Tylko, że te różnice się raczej równoważą i nie ma sytuacji, żeby któraś ze stron miała miażdżącą przewagę. Czasami coś na Mac-u działa szybciej, czasami na Win, zależnie od programu. Wystarczy porównać program najbardziej interesujący ludzi z tego na forum - CS4, w wersji x64 na Win i jedynej dostępnej na Mac-a x32. Różnica w wydajności między x32 a x64 sama w sobie jest niewielka, ale sama możliwość obsługi dużo większej ilości pamięci RAM i praca z dużymi plikami jest istotną różnicą na korzyść Win.
Nie ma więc jednoznacznego zwycięzcy, systemy są różne więc różne oprogramowanie działa szybciej raz tu raz tam. O szybszym działaniu można mówić tylko i wyłączenie w przypadku bardzo, bardzo wąskich zastosowań, nie w sensie ogólnym jako PC czy Mac.
Po pierwsze system antywirusowy nie obciąża systemu cały czas, tylko podczas wykonywania określonych działań, uruchamiania, skanowania dysku etc.
System z antywirusem dłużej się uruchamia niż bez niego, jeśli włączę skanowanie komputera, działa on wolniej choćby dlatego, że dyski są zajęte.
Antywirus nie ma żadnego znaczenia pod kątem np. pracy w PS czy innych programach, nie wydłuża obliczeń, nie spowalnia działania filtrów.
Po drugie wirusy nigdy nie były dla mnie dokuczliwym problemem, przynajmniej do dnia dzisiejszego, co będzie jutro nie wiem.

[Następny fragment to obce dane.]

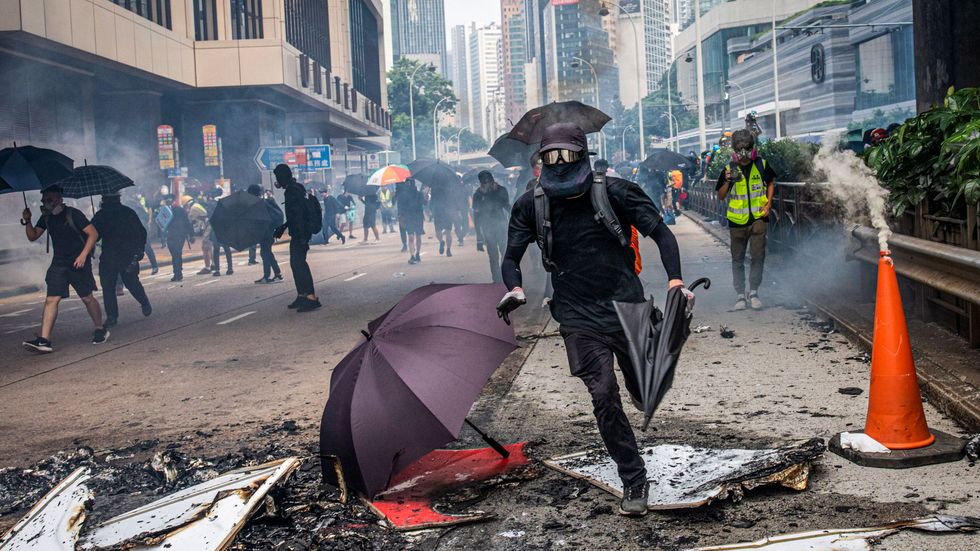 Demonstrationerna i Hongkong slår hårt mot ekonomin.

Przy minimum wiedzy i rozsądku, od czasu powstania PC jako takiego, nigdy nie miałem problemu ze skasowanie plików, uszkodzeniu systemu czy innych uszkodzeń spowodowanych przez wirusy. Być może inni mają inne doświadczenia, dla mnie to marginalny problem, którego jestem świadomy, można go porównać do uważania, podczas przechodzenia przez pasy. A kiedy naprawdę chcę 100% odporności na wirusy, uruchamiam Linuksa z CD Live, jest to rozwiązanie darmowe (a więc tańśze nawet niż antywirus, nie wspominając o Mac-u) i całkowicie pewne.
Wirtualizacja to już dzisiaj standard, można uruchomić praktycznie każdy system pod każdym systemem. Można nawet wirtualnie uruchomić system x64 na systemie x32. Można Win na Linuksie, można Linux na Win, można Mac-a na Linuksie i wszelkie pośrednie kombinacje. Instalacja Win na Mac-u też nie dziwi, skoro to dokładnie te same bebechy komputera, nie wspominając o (nielegalnym) instalowaniu osX na zwykłym PC. Mamy wolność wyboru i to jest dobre.

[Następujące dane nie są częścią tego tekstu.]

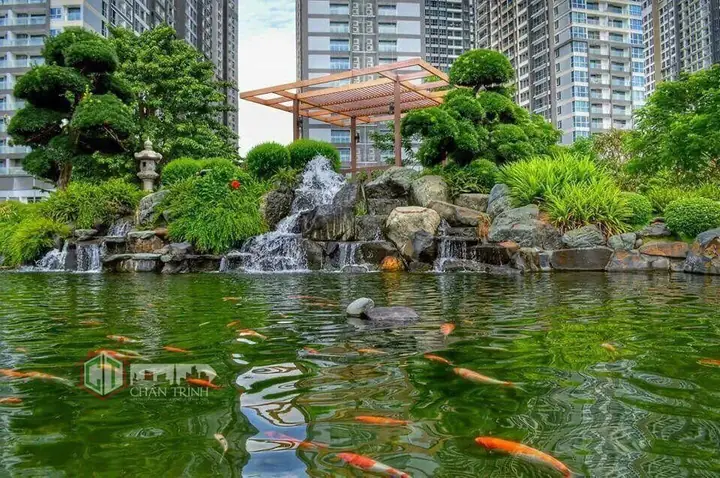 Hồ Cá Koi Ở Landmark 81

Natomiast osobiście nie rozumiem czemu miałbym wywalić kupę kasy na Mac-a, żeby potem jeszcze dokupywać Windowsa. Wolałbym już Windowsa pod Linuksem. Ale ponownie to kwestia raczej osobistych preferencji niż technicznych możliwości.
Nie szedłbym dalej tą drogą. To nie jest prawda. Systemu Uniksowe są inaczej skonstruowane niż Windows i dlatego uruchomienie na nich złośliwego oprogramowania jest zdecydowanie trudniejsze. Dodatkowo nie ma co gdybać "co by było gdyby" były popularniejsze, bo tego nikt nie sprawdził.
Pewnie ilość zagrożeń by wzrosła, ale prawdopodobnie i tak pozostałaby na dużo niższym poziomie niż Windows.
Problem bezpieczeństwa w Windows ma szerszy kontekst, poczynając od szerokiego grona niedoświadczonych użytkowników komputera na przyzwyczajeniach kończąc.
Ludzie najpierw pokrzykują, że chcą aby Win był bezpieczniejszy, ale kiedy Microsoft wprowadza podobne do Uniksowych zabezpieczenia, to ludzie krzyczą, że nic nie da się zrobić w systemie bez potwierdzania uprawnień i to jest strasznie męczące. Albo rybka albo akwarium.
Z tym się zgadzam, z zastrzeżeniem, że Norton bardzo się ostatnio poprawia i mocno pracuje nad zmniejszeniem zużycia zasobów komputera.